Configuration File
KICS allow you to provide all configurations either as command line arguments or as code.
Here is a Configuration file example:
{
"path": "assets/iac_samples",
"verbose": true,
"log-file": true,
"type": "Dockerfile,Kubernetes",
"queries-path": "assets/queries",
"output-path": "results.json"
}
The same example now in YAML format passing type as an array of strings:
path: assets/iac_samples
verbose: true
log-file: true
type:
- Dockerfile
- Kubernetes
queries-path: "assets/queries"
output-path: "results.json"
📝 flags that can receive multiple values can be either provided as a comma separated string or an array as in the example above
Supported Formats
KICS supports the following formats for the configuration files.
- JSON
- TOML
- YAML
- HCL
Notice that format is about the content and not the file extension.
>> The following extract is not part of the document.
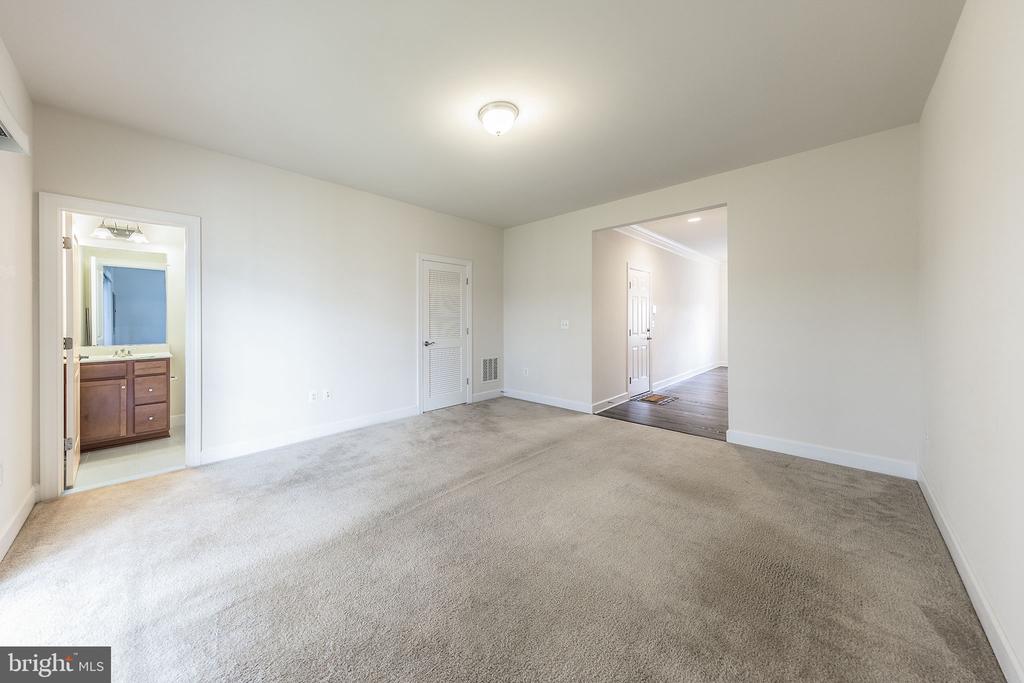 Haymarket, Virginia, 20169, United States, 3 Bedrooms Bedrooms, ,4 BathroomsBathrooms,Residential,For Sale,1904244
KICS is able to infer the format without the need of file extension.
Templates
JSON Format
{
"exclude-categories": "exclude categories by providing its name",
"exclude-paths": "exclude paths or files from scan",
"exclude-queries": "exclude queries by providing the query ID",
"exclude-results": "exclude results by providing a list of similarity IDs of a result",
"log-file": true,
"log-level": "INFO",
"log-path": "path to the log file",
"silent": false,
"minimal-ui": false,
"no-color": false,
"no-progress": false,
"output-path": "directory path to store reports",
"path": "path to file or directory to scan",
"payload-path": "file path to store source internal representation in JSON format",
"preview-lines": 3,
"queries-path": "path to directory with queries (default ./assets/queries) (default './assets/queries')",
"report-formats": "formats in which the results will be exported (json, sarif, html)",
"type": "type of queries to use in the scan",
"verbose": true
}
YAML Format
exclude-categories: "exclude categories by providing its name"
exclude-paths: "exclude paths or files from scan"
exclude-queries: "exclude queries by providing the query ID"
exclude-results: "exclude results by providing a list of similarity IDs of a result"
log-file: true
log-level: INFO
log-path: path to the log file
silent: false
no-color: false
minimal-ui: false
no-progress: false
output-path: "directory path to store reports"
path: "path to file or directory to scan"
payload-path: "file path to store source internal representation in JSON format"
preview-lines: 3
queries-path: "path to directory with queries (default ./assets/queries) (default './assets/queries')"
report-formats: "formats in which the results will be exported (json, sarif, html)"
type: "type of queries to use in the scan"
verbose: true
TOML Format
exclude-categories = "exclude categories by providing its name"
exclude-paths = "exclude paths or files from scan"
exclude-queries = "exclude queries by providing the query ID"
exclude-results = "exclude results by providing a list of similarity IDs of a result"
log-file = true
log-level = "INFO"
log-path = "path to the log file"
silent = false
minimal-ui = false
no-color = false
no-progress = false
output-path = "directory path to store reports"
path = "path to file or directory to scan"
payload-path = "file path to store source internal representation in JSON format"
preview-lines = 3
queries-path = "path to directory with queries (default ./assets/queries) (default './assets/queries')"
report-formats = "formats in which the results will be exported (json, sarif, html)"
type = "type of queries to use in the scan"
verbose = true
HCL Format
"exclude-categories" = "exclude categories by providing its name"
"exclude-paths" = "exclude paths or files from scan"
"exclude-queries" = "exclude queries by providing the query ID"
"exclude-results" = "exclude results by providing a list of similarity IDs of a result"
"log-file" = true
"log-level" = "INFO"
"log-path" = "path to the log file"
"silent" = false
"minimal-ui" = false
"no-color" = false
"no-progress" = false
"output-path" = "directory path to store reports"
"path" = "path to file or directory to scan"
"payload-path" = "file path to store source internal representation in JSON format"
"preview-lines" = 3
"queries-path" = "path to directory with queries (default ./assets/queries) (default './assets/queries')"
"report-formats" = "formats in which the results will be exported (json, sarif, html)"
"type" = "type of queries to use in the scan"
"verbose" = true
How to Use
You can enclose all your configurations in a file and use it in two different ways.
Command Argument File
- Create a file with any name/any extension. For the sake of example, let's call it
kics-config.json - Add the necessary configurations as shown in the templates section in any of the supported formats.
- Pass the configuration file as argument:
kics scan --config kics-config.json
Configuration as Code
- Create a file named
kics.configand place it in the root of your project repository. - Add the necessary configurations as shown in the templates section in any of the supported formats.
- Invoke KICS without arguments (KICS will search for the specific file in the root)
kics scan
Note: CLI flags will have priority over the configuration file properties!